▸ **Aim of the exercise**
No pictures in the copy. Write out the listing below exactly.

▸ **Dataset content**

• • • • • • •

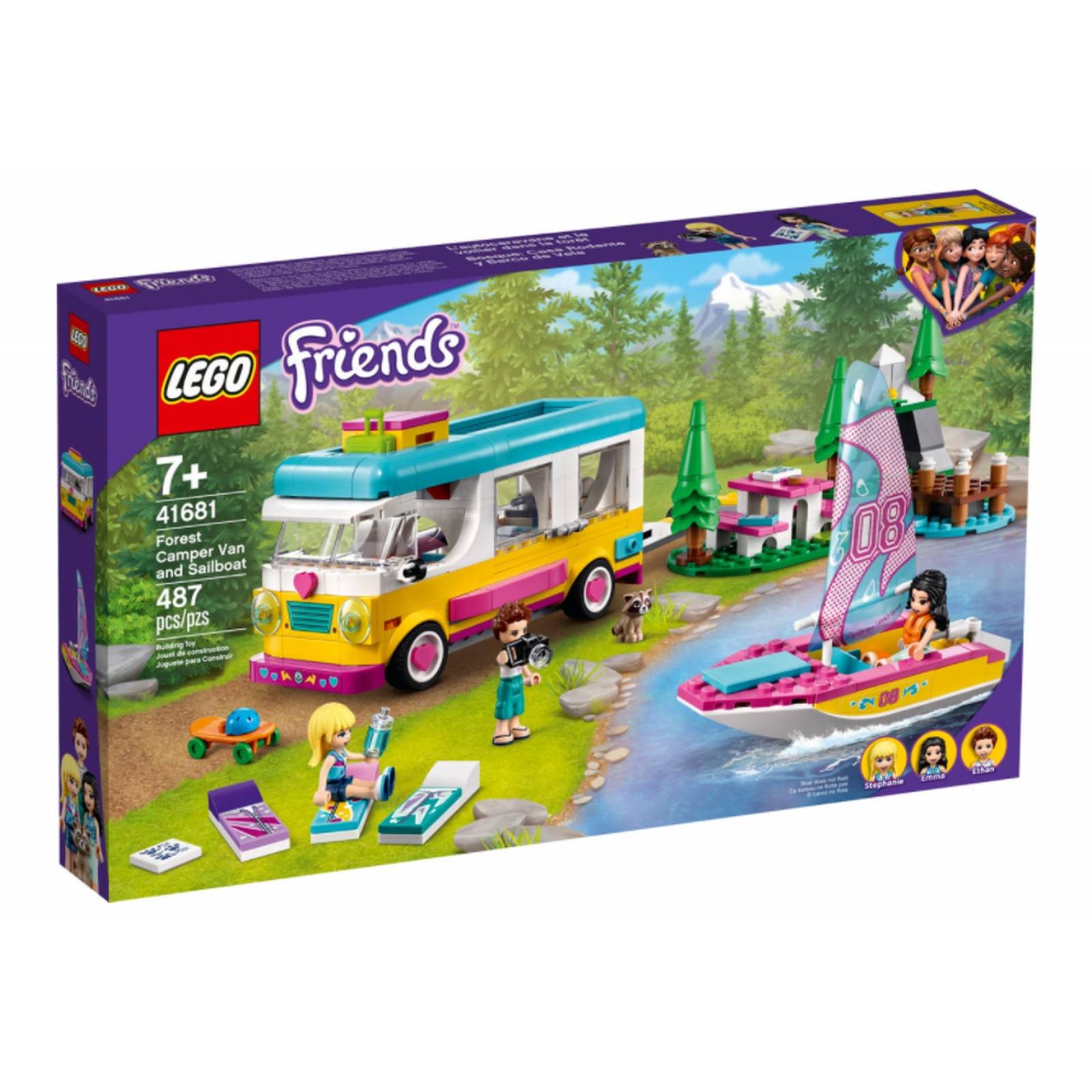LEGO Friends Bosque: Autocaravana y Barco de Vela 41681 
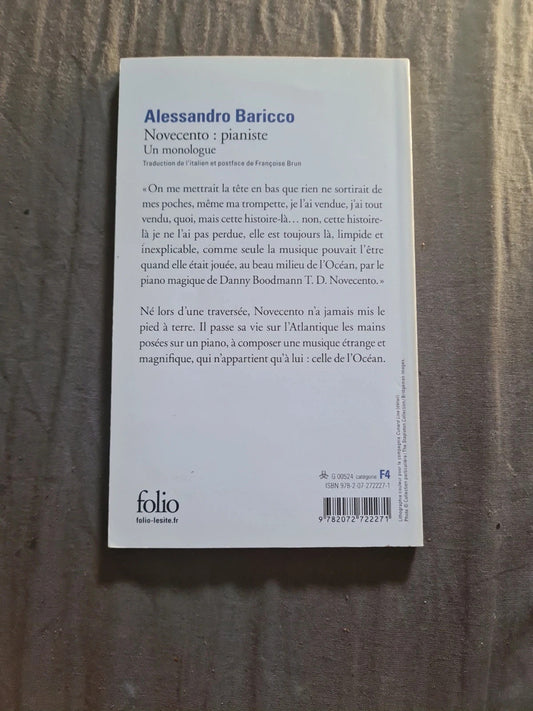 Novecento : pianiste, Alessandro Baricco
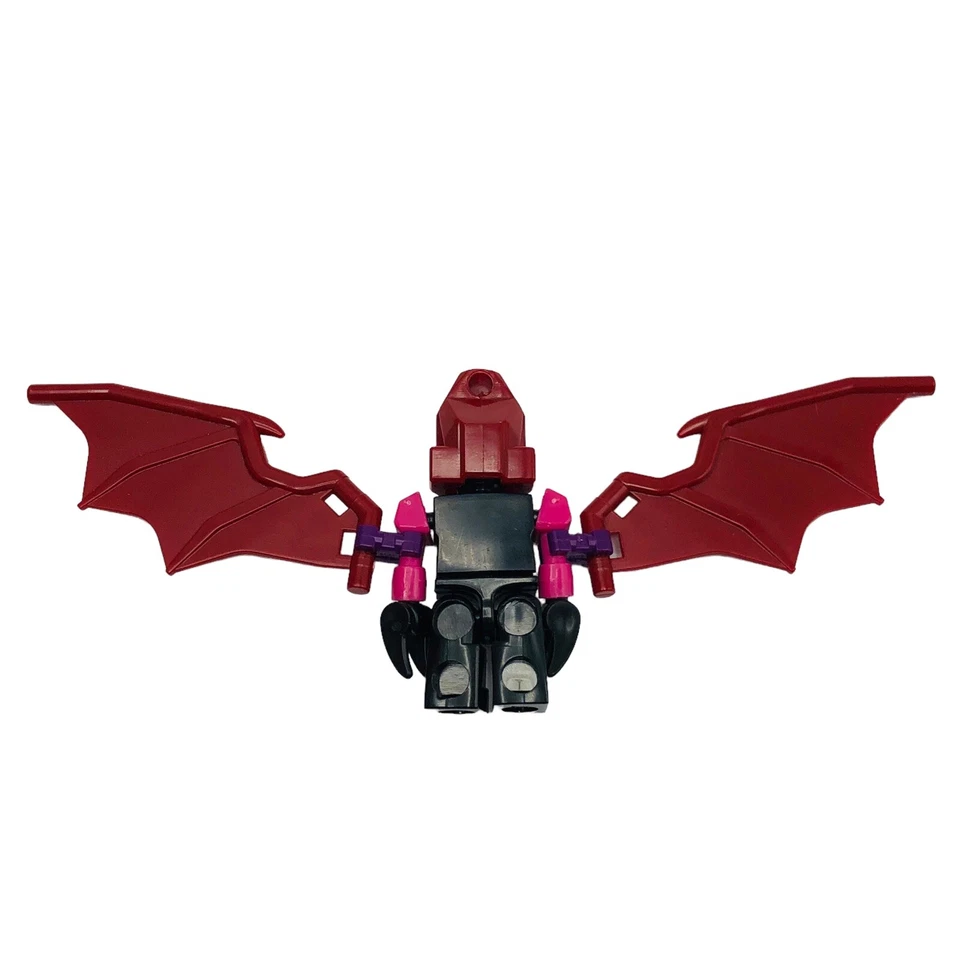 Kre-O Transformers Minifigure Robot with Red Wings & Claws Very Good Condition - Image 2 of 3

• • • • • • •

▸ **Task response**
LEGO Friends Bosque: Autocaravana y Barco de Vela 41681 
 Novecento : pianiste, Alessandro Baricco
 Kre-O Transformers Minifigure Robot with Red Wings & Claws Very Good Condition - Image 2 of 3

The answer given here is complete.